Income and wealth tax for non resident in Spain
Are you living in Spain and do you wonder if you have to pay wealth tax? The answer is probably yes, but let’s start from the begining.
The Wealth Tax in Spain is an annual tax, payable on the total net value of your assets held on 31st December. The total net value is understood as: All assets and rights of economic content owned by a natural person deducting charges and encumbrances which diminish its value, as well as personal debts and obligations.
Wealth tax may catch you by surprise, as Spain is one of the few countries in which this extra tax is approved. Both residents and non-residents are subject to paying Spanish wealth tax. This tax does come with a series of Allowances, which means that many people are exempt from this tax, however, for wealthier individuals, it can have a significant impact.
The rules vary depending on your residency status in Spain and the region you are in, as several Spanish autonomous regions, including the Comunidad Valenciana, have their own tax laws in force, which allow them to set their own tax-free allowances and deductions or establish the levied tax rate they see fit.
A taxpayer’s wealth takes into account the total net value of all assets. However, there are different rules that apply to calculate each individual value, depending on the type of asset. For example, homes are valued at the highest value between the purchase price, cadastral value or value set by the administration, whereas bank accounts will be valued by the highest balance between the 31st December and the average balance of the last quarter.
Once the assets have been valued, the allowances are applied. Also, Spanish Wealth tax is a progressive tax, so the higher the wealth the higher the tax.
Below you will find two tables comparing the National tax rate, which ranges between 0.20% and 3.50%, and the tax rate in the Comunidad Valenciana which varies very slightly ranging between 0.25% and 3.50%.
As mentioned above, there are certain assets that are not subject to Wealth Tax. There are not many, but it is an aspect that can be taken into consideration before making any purchase or investment in order to reduce the amount of Wealth Tax payable.
However, if we want to reduce the amount of Wealth Tax payable, we can opt for another way of doing so, it is more complicated but also more effective.

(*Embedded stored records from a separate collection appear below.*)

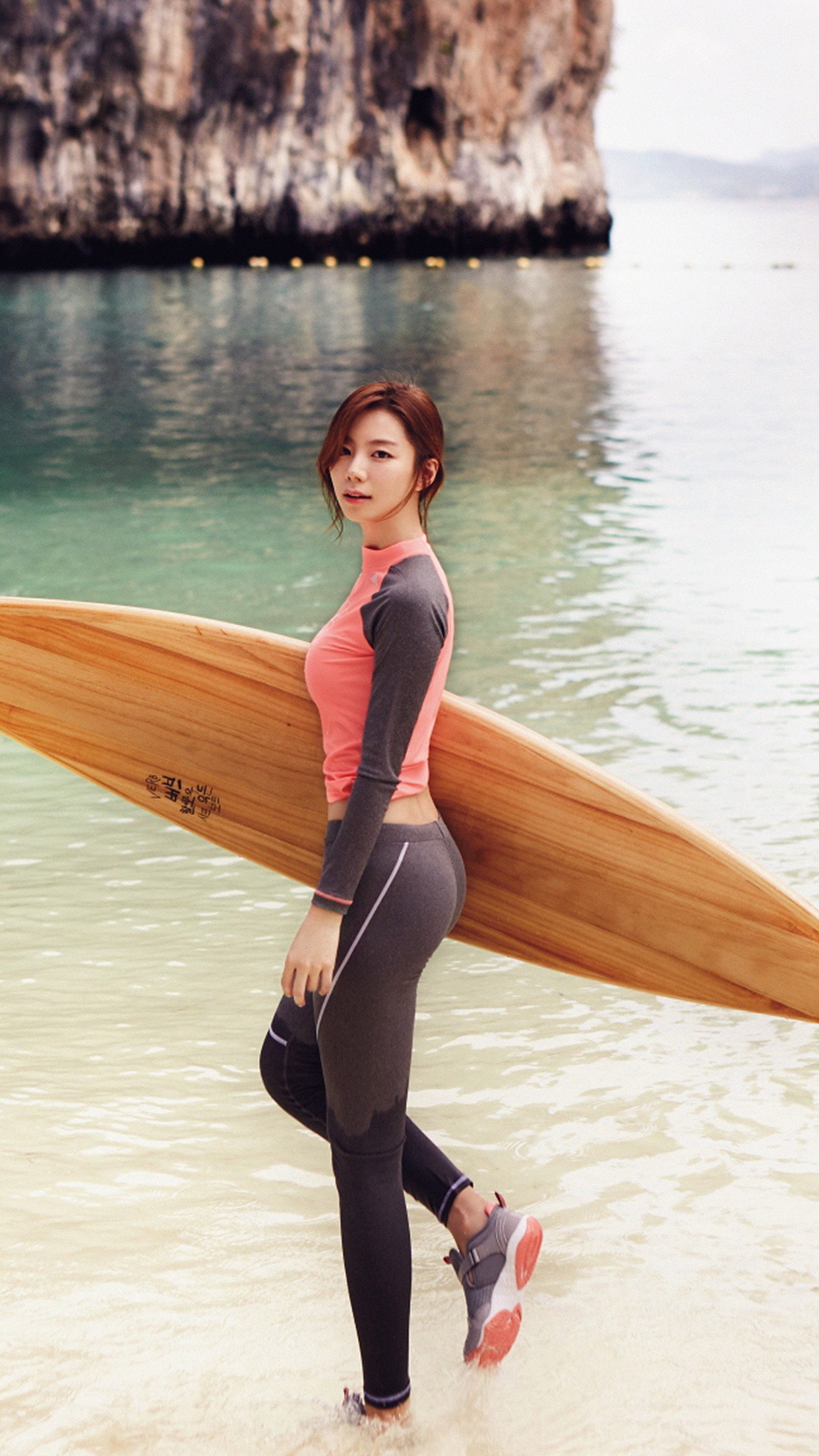 Sujin Beach Swim Vacation Kpop Film Android wallpaper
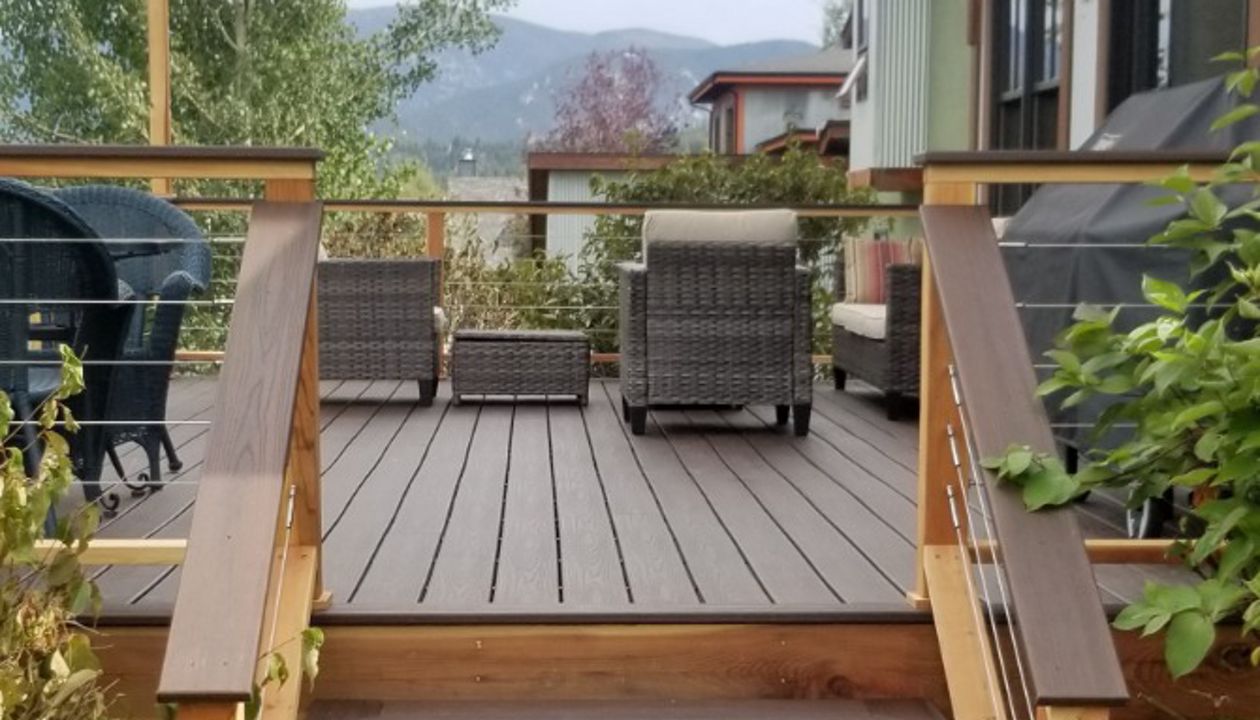 Trex Transcend Lava Rock w/ redwood fascia and cable railing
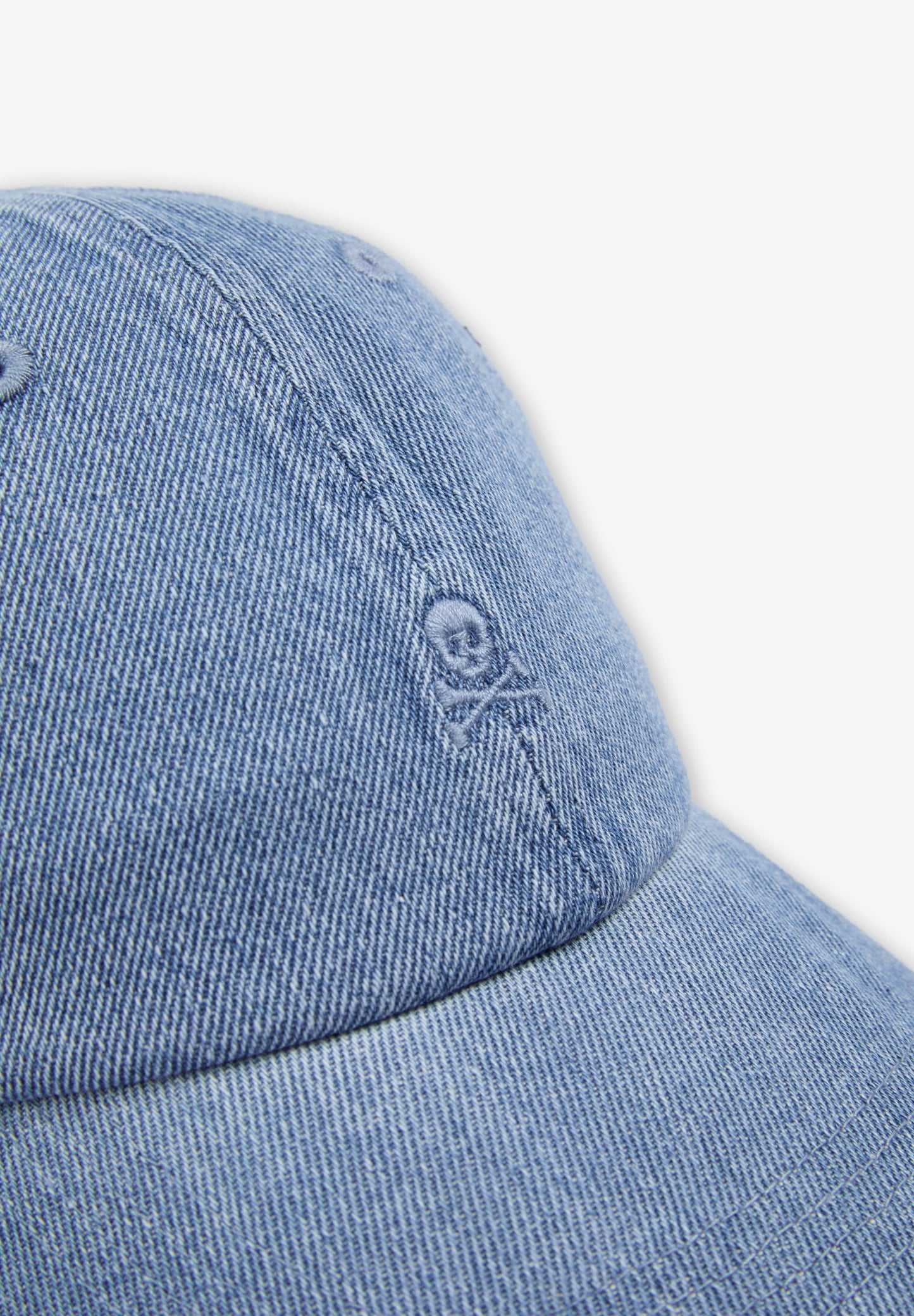 MATCHING CAP WITH SKULL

This option consists of restructuring our investments. What is this specifically? There are some assets that can be taken into consideration within a period of time under the Spanish Wealth Tax laws. This implies that the sum of the full Wealth Tax liability together with the Personal Income Tax liability may not exceed 60% of the sum of the general and savings taxable bases for Personal Income Tax.
This limit is exclusive for all those taxpayers who are subject to the tax by personal obligation. Taking this into account we can play with our investments to reduce the cost of our Wealth Tax.

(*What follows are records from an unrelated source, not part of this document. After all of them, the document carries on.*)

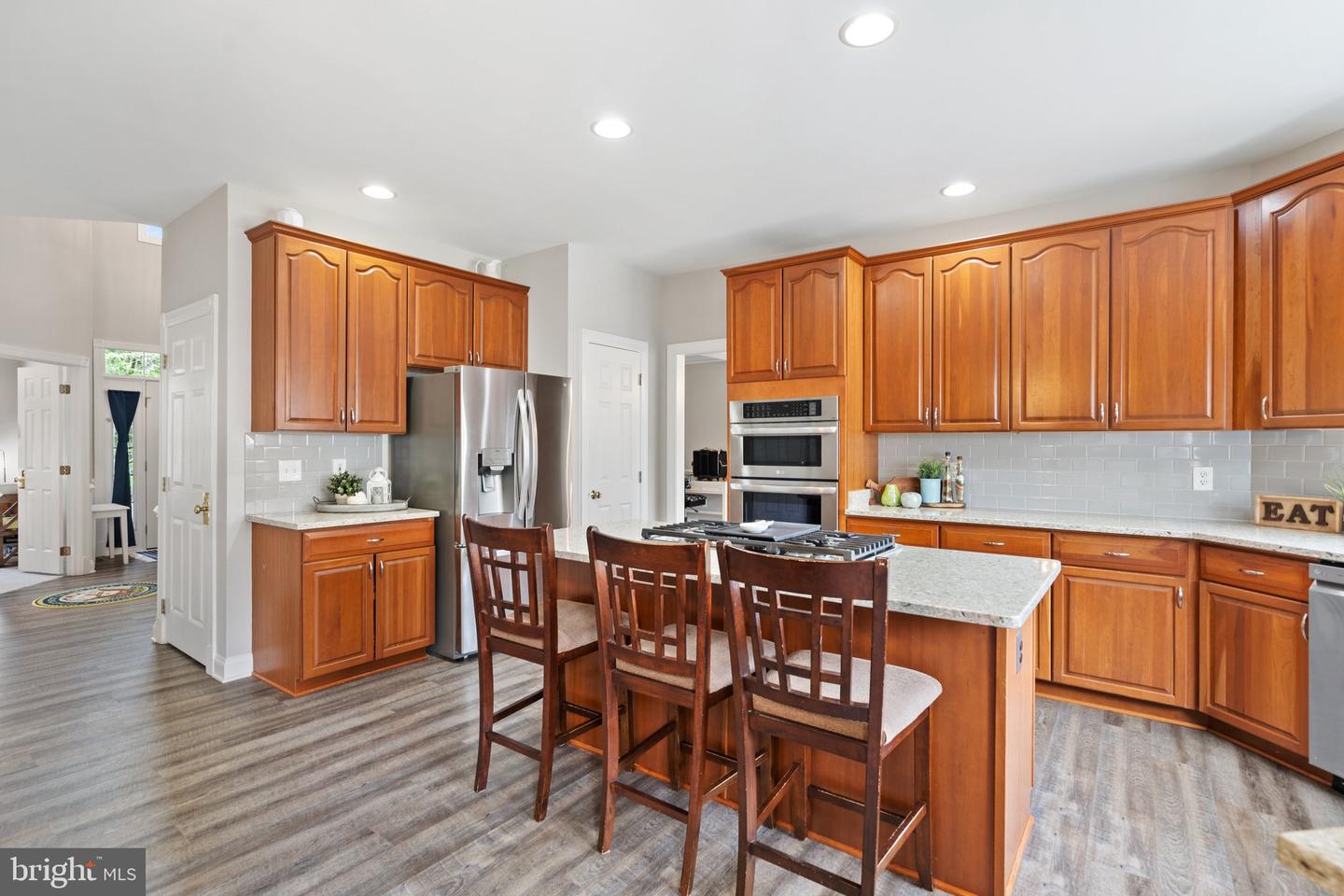 15077 SYCAMORE HILLS PL, HAYMARKET, Virginia 20169, 4 Bedrooms Bedrooms, ,3 BathroomsBathrooms,Residential,For sale,15077 SYCAMORE HILLS PL,VAPW2093328 MLS # VAPW2093328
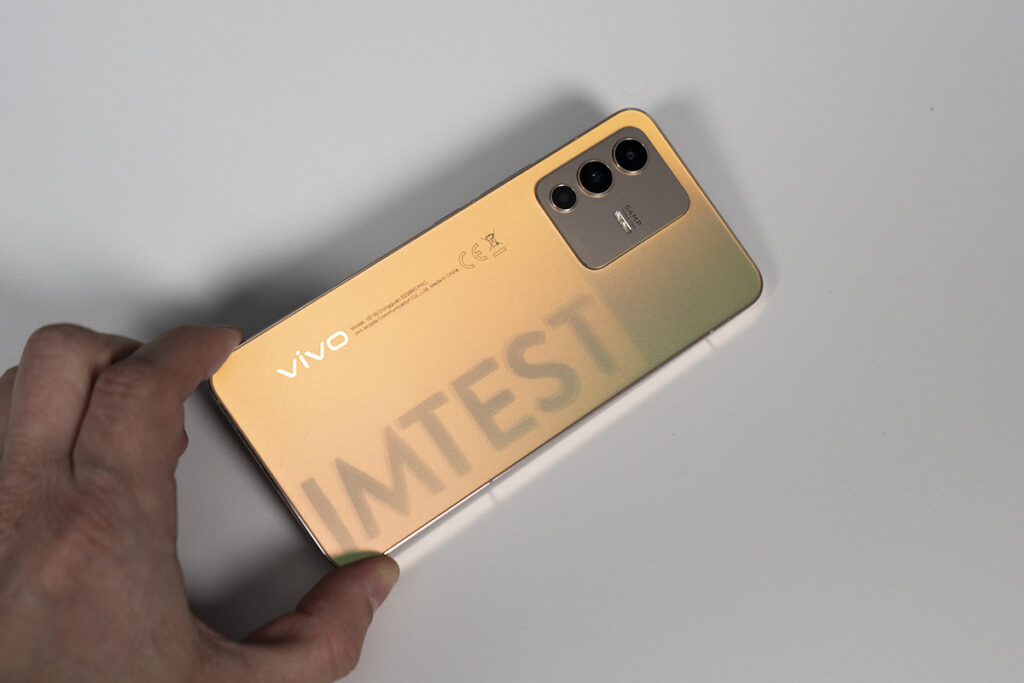 Das Vivo V23 mit einer goldenen Rückseite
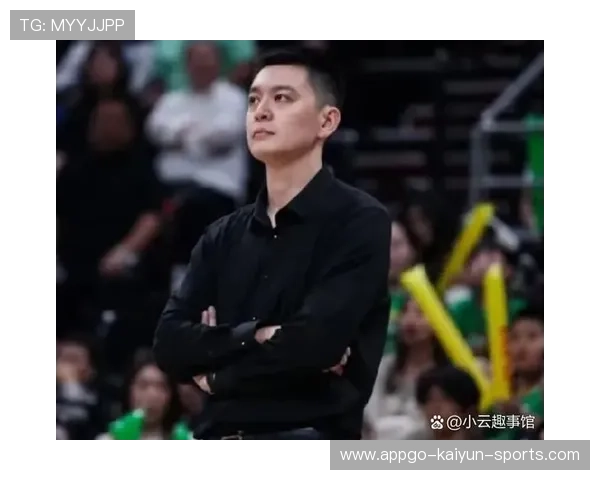 杨鸣谈质疑 球员们充满斗志，杨鸣主帅挑战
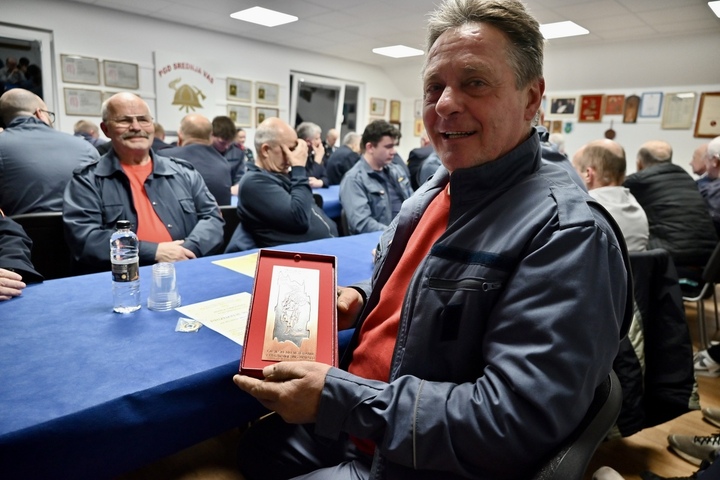 95 let poguma in tovarištva: Ko Srednja vas stopi v akcijo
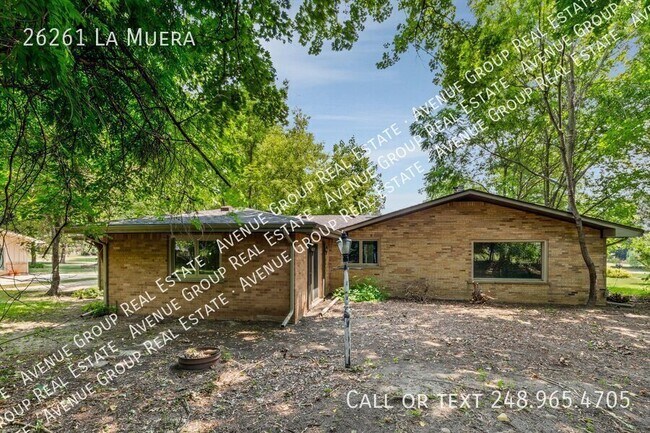 Building Photo - 26261 La Muera St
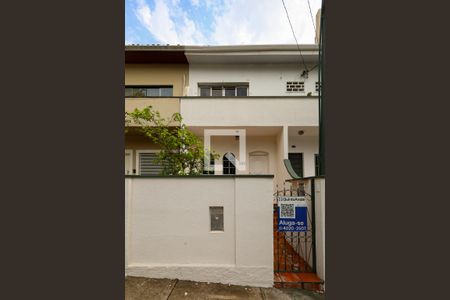 Casa para alugar com 160m², 2 quartos e 1 vagaFachada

Those required to submit a wealth tax declaration form in Spain will have from April to June 30th of each year, coinciding with the income tax period.
The IP is a strictly individual tax, so a married couple must submit one form each and for example the ownership of the property and rights which are common to both, shall be attributed in half to each of them. The form to be sent is the form 714.
Please note that tax rates, scope and reliefs may change and we advise that you to seek professional advice from Tax advisors who can take care of the Wealth Tax for you.
Before answering this question, we must point out that there is no single answer, as the Autonomous Communities have the power to establish their own wealth taxes. One thing that is the same in any part of Spain is that the higher the wealth, the higher the percentage to be paid, as it is a progressive tax. If we take as an example the national rate, which is applied in those Communities that do not have their own tax, the wealth tax ranges between 0.2% and 3.5%.
Yes, wealth tax in Spain is payable annually and is levied on the total net value of the assets registered on 31 December. Therefore, it is a tax that must be paid in the scheduled period each year as long as we are within the established scales.
Although there are similarities between the two taxes, such as the fact that both are paid annually, they are not the same. While the property tax only accounts for real estate, the wealth tax accounts for all assets: Real estate, bank deposits, investments, all type of assets and rights, etc.
The main difference between these two taxes is that Income Tax is levied on annual income, all the money that has been earned in that particular year; income from real estate (rents), interest, salaries or dividend payments, for example.
Whereas Wealth Tax is levied on the personal fortune or wealth; i.e. the net wealth of individuals, the set of assets and rights of economic content of which they are the owner, minus the charges and encumbrances that reduce their value, as well as the debts and personal obligations for which the owner is liable.
Apart from Spain, Wealth Tax is also paid in other countries such as Liechtenstein, Norway, Switzerland and France, among others.